-- Opening Marker --

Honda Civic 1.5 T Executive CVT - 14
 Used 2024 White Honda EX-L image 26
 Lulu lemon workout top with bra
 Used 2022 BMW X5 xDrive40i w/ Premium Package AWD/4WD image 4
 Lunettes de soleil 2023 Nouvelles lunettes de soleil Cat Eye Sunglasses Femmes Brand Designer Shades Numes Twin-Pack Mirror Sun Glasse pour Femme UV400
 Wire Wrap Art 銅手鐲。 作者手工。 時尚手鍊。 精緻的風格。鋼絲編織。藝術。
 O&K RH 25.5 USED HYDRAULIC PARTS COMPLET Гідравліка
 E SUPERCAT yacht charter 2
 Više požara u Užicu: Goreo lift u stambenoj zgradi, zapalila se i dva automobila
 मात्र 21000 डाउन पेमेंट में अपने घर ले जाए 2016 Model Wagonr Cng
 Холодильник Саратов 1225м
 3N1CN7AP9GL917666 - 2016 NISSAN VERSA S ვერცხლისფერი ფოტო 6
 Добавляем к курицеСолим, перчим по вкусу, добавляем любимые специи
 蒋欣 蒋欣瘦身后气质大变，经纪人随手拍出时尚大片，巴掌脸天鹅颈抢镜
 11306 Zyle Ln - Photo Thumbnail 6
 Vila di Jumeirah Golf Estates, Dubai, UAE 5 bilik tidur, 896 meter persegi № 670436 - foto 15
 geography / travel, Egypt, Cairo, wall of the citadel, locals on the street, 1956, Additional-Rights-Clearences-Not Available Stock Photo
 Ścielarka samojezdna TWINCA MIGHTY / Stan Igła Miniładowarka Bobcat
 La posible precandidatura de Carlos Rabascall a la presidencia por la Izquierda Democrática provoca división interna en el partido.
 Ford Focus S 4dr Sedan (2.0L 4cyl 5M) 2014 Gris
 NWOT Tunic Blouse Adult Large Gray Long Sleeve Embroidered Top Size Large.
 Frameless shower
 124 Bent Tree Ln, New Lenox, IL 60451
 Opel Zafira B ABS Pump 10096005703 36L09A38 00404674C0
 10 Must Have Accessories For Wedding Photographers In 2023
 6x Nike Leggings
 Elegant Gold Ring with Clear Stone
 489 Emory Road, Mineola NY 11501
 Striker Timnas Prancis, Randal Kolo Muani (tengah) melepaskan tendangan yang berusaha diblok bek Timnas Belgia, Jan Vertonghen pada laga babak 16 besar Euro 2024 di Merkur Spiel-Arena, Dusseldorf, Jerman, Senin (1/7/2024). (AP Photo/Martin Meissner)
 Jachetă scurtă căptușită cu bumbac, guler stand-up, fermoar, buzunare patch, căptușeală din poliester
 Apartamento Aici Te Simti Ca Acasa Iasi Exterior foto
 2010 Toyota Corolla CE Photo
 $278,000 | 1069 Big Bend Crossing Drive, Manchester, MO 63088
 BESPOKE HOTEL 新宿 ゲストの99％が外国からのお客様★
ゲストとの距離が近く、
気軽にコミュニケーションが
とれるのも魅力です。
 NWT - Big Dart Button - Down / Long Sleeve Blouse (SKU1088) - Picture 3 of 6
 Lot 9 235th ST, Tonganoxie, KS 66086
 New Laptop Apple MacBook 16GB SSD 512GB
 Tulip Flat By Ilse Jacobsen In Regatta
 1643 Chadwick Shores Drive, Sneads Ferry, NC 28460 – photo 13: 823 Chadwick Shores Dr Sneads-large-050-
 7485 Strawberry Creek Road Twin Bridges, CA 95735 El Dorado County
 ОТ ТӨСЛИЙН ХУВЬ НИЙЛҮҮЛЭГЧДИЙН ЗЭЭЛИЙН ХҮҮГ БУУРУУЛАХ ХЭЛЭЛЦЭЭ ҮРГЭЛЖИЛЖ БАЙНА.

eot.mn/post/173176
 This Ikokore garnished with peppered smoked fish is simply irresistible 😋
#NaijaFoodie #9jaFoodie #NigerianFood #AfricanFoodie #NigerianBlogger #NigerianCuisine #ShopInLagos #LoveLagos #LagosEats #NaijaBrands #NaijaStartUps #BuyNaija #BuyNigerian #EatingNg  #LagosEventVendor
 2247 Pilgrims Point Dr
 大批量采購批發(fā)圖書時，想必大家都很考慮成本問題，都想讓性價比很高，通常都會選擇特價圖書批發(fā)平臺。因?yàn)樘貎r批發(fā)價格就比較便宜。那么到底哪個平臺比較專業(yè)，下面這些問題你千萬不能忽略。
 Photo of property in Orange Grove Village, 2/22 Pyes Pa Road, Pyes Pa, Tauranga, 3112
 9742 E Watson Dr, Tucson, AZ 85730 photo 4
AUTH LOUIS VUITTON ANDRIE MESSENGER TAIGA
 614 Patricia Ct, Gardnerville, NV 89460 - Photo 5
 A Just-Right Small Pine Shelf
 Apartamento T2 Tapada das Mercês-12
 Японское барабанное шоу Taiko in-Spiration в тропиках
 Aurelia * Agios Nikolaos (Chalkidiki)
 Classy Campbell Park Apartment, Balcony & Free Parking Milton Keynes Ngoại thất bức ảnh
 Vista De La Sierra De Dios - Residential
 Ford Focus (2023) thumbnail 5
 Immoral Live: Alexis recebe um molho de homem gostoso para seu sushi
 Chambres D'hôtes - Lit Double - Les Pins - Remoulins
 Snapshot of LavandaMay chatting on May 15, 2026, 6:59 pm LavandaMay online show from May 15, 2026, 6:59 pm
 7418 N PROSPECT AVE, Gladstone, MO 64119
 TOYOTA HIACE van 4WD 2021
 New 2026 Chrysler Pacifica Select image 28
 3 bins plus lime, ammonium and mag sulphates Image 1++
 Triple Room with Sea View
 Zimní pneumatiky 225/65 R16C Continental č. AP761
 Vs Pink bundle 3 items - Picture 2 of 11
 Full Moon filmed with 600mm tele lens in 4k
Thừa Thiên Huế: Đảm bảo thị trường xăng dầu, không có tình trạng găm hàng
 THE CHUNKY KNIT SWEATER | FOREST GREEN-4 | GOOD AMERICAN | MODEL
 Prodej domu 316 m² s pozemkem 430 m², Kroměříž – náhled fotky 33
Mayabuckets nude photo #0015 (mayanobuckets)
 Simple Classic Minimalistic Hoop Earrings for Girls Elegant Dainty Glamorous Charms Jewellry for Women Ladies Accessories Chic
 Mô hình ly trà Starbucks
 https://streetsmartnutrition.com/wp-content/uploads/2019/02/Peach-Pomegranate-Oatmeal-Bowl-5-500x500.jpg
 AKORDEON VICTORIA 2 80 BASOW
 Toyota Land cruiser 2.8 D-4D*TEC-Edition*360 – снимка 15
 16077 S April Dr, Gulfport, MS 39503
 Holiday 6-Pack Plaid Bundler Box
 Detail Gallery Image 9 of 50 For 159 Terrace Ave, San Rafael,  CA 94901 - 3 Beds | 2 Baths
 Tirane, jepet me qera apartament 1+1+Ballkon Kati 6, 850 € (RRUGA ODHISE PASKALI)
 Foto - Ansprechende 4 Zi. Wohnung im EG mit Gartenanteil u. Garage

-- Closing Marker --

> YOUR INSTRUCTIONS: What you return must match the entries exactly, word for word.

> EXERCISE SOLUTION:
Honda Civic 1.5 T Executive CVT - 14
 Used 2024 White Honda EX-L image 26
 Lulu lemon workout top with bra
 Used 2022 BMW X5 xDrive40i w/ Premium Package AWD/4WD image 4
 Lunettes de soleil 2023 Nouvelles lunettes de soleil Cat Eye Sunglasses Femmes Brand Designer Shades Numes Twin-Pack Mirror Sun Glasse pour Femme UV400
 Wire Wrap Art 銅手鐲。 作者手工。 時尚手鍊。 精緻的風格。鋼絲編織。藝術。
 O&K RH 25.5 USED HYDRAULIC PARTS COMPLET Гідравліка
 E SUPERCAT yacht charter 2
 Više požara u Užicu: Goreo lift u stambenoj zgradi, zapalila se i dva automobila
 मात्र 21000 डाउन पेमेंट में अपने घर ले जाए 2016 Model Wagonr Cng
 Холодильник Саратов 1225м
 3N1CN7AP9GL917666 - 2016 NISSAN VERSA S ვერცხლისფერი ფოტო 6
 Добавляем к курицеСолим, перчим по вкусу, добавляем любимые специи
 蒋欣 蒋欣瘦身后气质大变，经纪人随手拍出时尚大片，巴掌脸天鹅颈抢镜
 11306 Zyle Ln - Photo Thumbnail 6
 Vila di Jumeirah Golf Estates, Dubai, UAE 5 bilik tidur, 896 meter persegi № 670436 - foto 15
 geography / travel, Egypt, Cairo, wall of the citadel, locals on the street, 1956, Additional-Rights-Clearences-Not Available Stock Photo
 Ścielarka samojezdna TWINCA MIGHTY / Stan Igła Miniładowarka Bobcat
 La posible precandidatura de Carlos Rabascall a la presidencia por la Izquierda Democrática provoca división interna en el partido.
 Ford Focus S 4dr Sedan (2.0L 4cyl 5M) 2014 Gris
 NWOT Tunic Blouse Adult Large Gray Long Sleeve Embroidered Top Size Large.
 Frameless shower
 124 Bent Tree Ln, New Lenox, IL 60451
 Opel Zafira B ABS Pump 10096005703 36L09A38 00404674C0
 10 Must Have Accessories For Wedding Photographers In 2023
 6x Nike Leggings
 Elegant Gold Ring with Clear Stone
 489 Emory Road, Mineola NY 11501
 Striker Timnas Prancis, Randal Kolo Muani (tengah) melepaskan tendangan yang berusaha diblok bek Timnas Belgia, Jan Vertonghen pada laga babak 16 besar Euro 2024 di Merkur Spiel-Arena, Dusseldorf, Jerman, Senin (1/7/2024). (AP Photo/Martin Meissner)
 Jachetă scurtă căptușită cu bumbac, guler stand-up, fermoar, buzunare patch, căptușeală din poliester
 Apartamento Aici Te Simti Ca Acasa Iasi Exterior foto
 2010 Toyota Corolla CE Photo
 $278,000 | 1069 Big Bend Crossing Drive, Manchester, MO 63088
 BESPOKE HOTEL 新宿 ゲストの99％が外国からのお客様★
ゲストとの距離が近く、
気軽にコミュニケーションが
とれるのも魅力です。
 NWT - Big Dart Button - Down / Long Sleeve Blouse (SKU1088) - Picture 3 of 6
 Lot 9 235th ST, Tonganoxie, KS 66086
 New Laptop Apple MacBook 16GB SSD 512GB
 Tulip Flat By Ilse Jacobsen In Regatta
 1643 Chadwick Shores Drive, Sneads Ferry, NC 28460 – photo 13: 823 Chadwick Shores Dr Sneads-large-050-
 7485 Strawberry Creek Road Twin Bridges, CA 95735 El Dorado County
 ОТ ТӨСЛИЙН ХУВЬ НИЙЛҮҮЛЭГЧДИЙН ЗЭЭЛИЙН ХҮҮГ БУУРУУЛАХ ХЭЛЭЛЦЭЭ ҮРГЭЛЖИЛЖ БАЙНА.

eot.mn/post/173176
 This Ikokore garnished with peppered smoked fish is simply irresistible 😋
#NaijaFoodie #9jaFoodie #NigerianFood #AfricanFoodie #NigerianBlogger #NigerianCuisine #ShopInLagos #LoveLagos #LagosEats #NaijaBrands #NaijaStartUps #BuyNaija #BuyNigerian #EatingNg  #LagosEventVendor
 2247 Pilgrims Point Dr
 大批量采購批發(fā)圖書時，想必大家都很考慮成本問題，都想讓性價比很高，通常都會選擇特價圖書批發(fā)平臺。因?yàn)樘貎r批發(fā)價格就比較便宜。那么到底哪個平臺比較專業(yè)，下面這些問題你千萬不能忽略。
 Photo of property in Orange Grove Village, 2/22 Pyes Pa Road, Pyes Pa, Tauranga, 3112
 9742 E Watson Dr, Tucson, AZ 85730 photo 4
AUTH LOUIS VUITTON ANDRIE MESSENGER TAIGA
 614 Patricia Ct, Gardnerville, NV 89460 - Photo 5
 A Just-Right Small Pine Shelf
 Apartamento T2 Tapada das Mercês-12
 Японское барабанное шоу Taiko in-Spiration в тропиках
 Aurelia * Agios Nikolaos (Chalkidiki)
 Classy Campbell Park Apartment, Balcony & Free Parking Milton Keynes Ngoại thất bức ảnh
 Vista De La Sierra De Dios - Residential
 Ford Focus (2023) thumbnail 5
 Immoral Live: Alexis recebe um molho de homem gostoso para seu sushi
 Chambres D'hôtes - Lit Double - Les Pins - Remoulins
 Snapshot of LavandaMay chatting on May 15, 2026, 6:59 pm LavandaMay online show from May 15, 2026, 6:59 pm
 7418 N PROSPECT AVE, Gladstone, MO 64119
 TOYOTA HIACE van 4WD 2021
 New 2026 Chrysler Pacifica Select image 28
 3 bins plus lime, ammonium and mag sulphates Image 1++
 Triple Room with Sea View
 Zimní pneumatiky 225/65 R16C Continental č. AP761
 Vs Pink bundle 3 items - Picture 2 of 11
 Full Moon filmed with 600mm tele lens in 4k
Thừa Thiên Huế: Đảm bảo thị trường xăng dầu, không có tình trạng găm hàng
 THE CHUNKY KNIT SWEATER | FOREST GREEN-4 | GOOD AMERICAN | MODEL
 Prodej domu 316 m² s pozemkem 430 m², Kroměříž – náhled fotky 33
Mayabuckets nude photo #0015 (mayanobuckets)
 Simple Classic Minimalistic Hoop Earrings for Girls Elegant Dainty Glamorous Charms Jewellry for Women Ladies Accessories Chic
 Mô hình ly trà Starbucks
 https://streetsmartnutrition.com/wp-content/uploads/2019/02/Peach-Pomegranate-Oatmeal-Bowl-5-500x500.jpg
 AKORDEON VICTORIA 2 80 BASOW
 Toyota Land cruiser 2.8 D-4D*TEC-Edition*360 – снимка 15
 16077 S April Dr, Gulfport, MS 39503
 Holiday 6-Pack Plaid Bundler Box
 Detail Gallery Image 9 of 50 For 159 Terrace Ave, San Rafael,  CA 94901 - 3 Beds | 2 Baths
 Tirane, jepet me qera apartament 1+1+Ballkon Kati 6, 850 € (RRUGA ODHISE PASKALI)
 Foto - Ansprechende 4 Zi. Wohnung im EG mit Gartenanteil u. Garage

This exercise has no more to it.